» **What to work on**: Every line below should be copied out exactly.

» **Records for processing**:
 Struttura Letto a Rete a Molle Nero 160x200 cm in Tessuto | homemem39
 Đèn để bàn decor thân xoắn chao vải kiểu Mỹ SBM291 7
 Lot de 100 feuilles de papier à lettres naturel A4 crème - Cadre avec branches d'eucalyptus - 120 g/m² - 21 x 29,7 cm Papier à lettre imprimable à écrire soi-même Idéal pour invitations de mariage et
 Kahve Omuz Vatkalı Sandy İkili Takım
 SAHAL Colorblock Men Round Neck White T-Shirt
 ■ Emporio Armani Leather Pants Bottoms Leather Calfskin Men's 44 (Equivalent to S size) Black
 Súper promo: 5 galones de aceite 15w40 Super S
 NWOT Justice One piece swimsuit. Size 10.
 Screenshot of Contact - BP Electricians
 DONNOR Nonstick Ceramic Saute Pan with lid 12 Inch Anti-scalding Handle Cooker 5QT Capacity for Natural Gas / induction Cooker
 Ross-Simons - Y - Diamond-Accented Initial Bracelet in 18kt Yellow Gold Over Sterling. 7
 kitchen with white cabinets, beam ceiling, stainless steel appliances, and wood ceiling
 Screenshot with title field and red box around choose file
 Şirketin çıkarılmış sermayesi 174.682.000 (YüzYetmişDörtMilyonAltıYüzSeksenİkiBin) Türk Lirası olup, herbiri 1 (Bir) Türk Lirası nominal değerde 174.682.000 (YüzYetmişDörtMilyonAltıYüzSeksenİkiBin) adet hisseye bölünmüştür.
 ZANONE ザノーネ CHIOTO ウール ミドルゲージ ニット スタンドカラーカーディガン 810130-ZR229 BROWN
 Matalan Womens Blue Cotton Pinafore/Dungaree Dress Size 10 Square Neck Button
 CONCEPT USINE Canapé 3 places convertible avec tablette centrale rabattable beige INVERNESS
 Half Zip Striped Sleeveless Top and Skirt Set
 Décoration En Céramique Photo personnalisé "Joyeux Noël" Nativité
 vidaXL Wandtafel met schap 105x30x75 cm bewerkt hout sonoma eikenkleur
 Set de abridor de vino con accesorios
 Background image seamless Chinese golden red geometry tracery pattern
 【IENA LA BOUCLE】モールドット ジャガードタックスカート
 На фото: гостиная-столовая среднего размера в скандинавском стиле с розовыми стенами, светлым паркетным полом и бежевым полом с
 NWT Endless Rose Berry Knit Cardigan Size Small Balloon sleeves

» **Solution to the exercise**:
 Struttura Letto a Rete a Molle Nero 160x200 cm in Tessuto | homemem39
 Đèn để bàn decor thân xoắn chao vải kiểu Mỹ SBM291 7
 Lot de 100 feuilles de papier à lettres naturel A4 crème - Cadre avec branches d'eucalyptus - 120 g/m² - 21 x 29,7 cm Papier à lettre imprimable à écrire soi-même Idéal pour invitations de mariage et
 Kahve Omuz Vatkalı Sandy İkili Takım
 SAHAL Colorblock Men Round Neck White T-Shirt
 ■ Emporio Armani Leather Pants Bottoms Leather Calfskin Men's 44 (Equivalent to S size) Black
 Súper promo: 5 galones de aceite 15w40 Super S
 NWOT Justice One piece swimsuit. Size 10.
 Screenshot of Contact - BP Electricians
 DONNOR Nonstick Ceramic Saute Pan with lid 12 Inch Anti-scalding Handle Cooker 5QT Capacity for Natural Gas / induction Cooker
 Ross-Simons - Y - Diamond-Accented Initial Bracelet in 18kt Yellow Gold Over Sterling. 7
 kitchen with white cabinets, beam ceiling, stainless steel appliances, and wood ceiling
 Screenshot with title field and red box around choose file
 Şirketin çıkarılmış sermayesi 174.682.000 (YüzYetmişDörtMilyonAltıYüzSeksenİkiBin) Türk Lirası olup, herbiri 1 (Bir) Türk Lirası nominal değerde 174.682.000 (YüzYetmişDörtMilyonAltıYüzSeksenİkiBin) adet hisseye bölünmüştür.
 ZANONE ザノーネ CHIOTO ウール ミドルゲージ ニット スタンドカラーカーディガン 810130-ZR229 BROWN
 Matalan Womens Blue Cotton Pinafore/Dungaree Dress Size 10 Square Neck Button
 CONCEPT USINE Canapé 3 places convertible avec tablette centrale rabattable beige INVERNESS
 Half Zip Striped Sleeveless Top and Skirt Set
 Décoration En Céramique Photo personnalisé "Joyeux Noël" Nativité
 vidaXL Wandtafel met schap 105x30x75 cm bewerkt hout sonoma eikenkleur
 Set de abridor de vino con accesorios
 Background image seamless Chinese golden red geometry tracery pattern
 【IENA LA BOUCLE】モールドット ジャガードタックスカート
 На фото: гостиная-столовая среднего размера в скандинавском стиле с розовыми стенами, светлым паркетным полом и бежевым полом с
 NWT Endless Rose Berry Knit Cardigan Size Small Balloon sleeves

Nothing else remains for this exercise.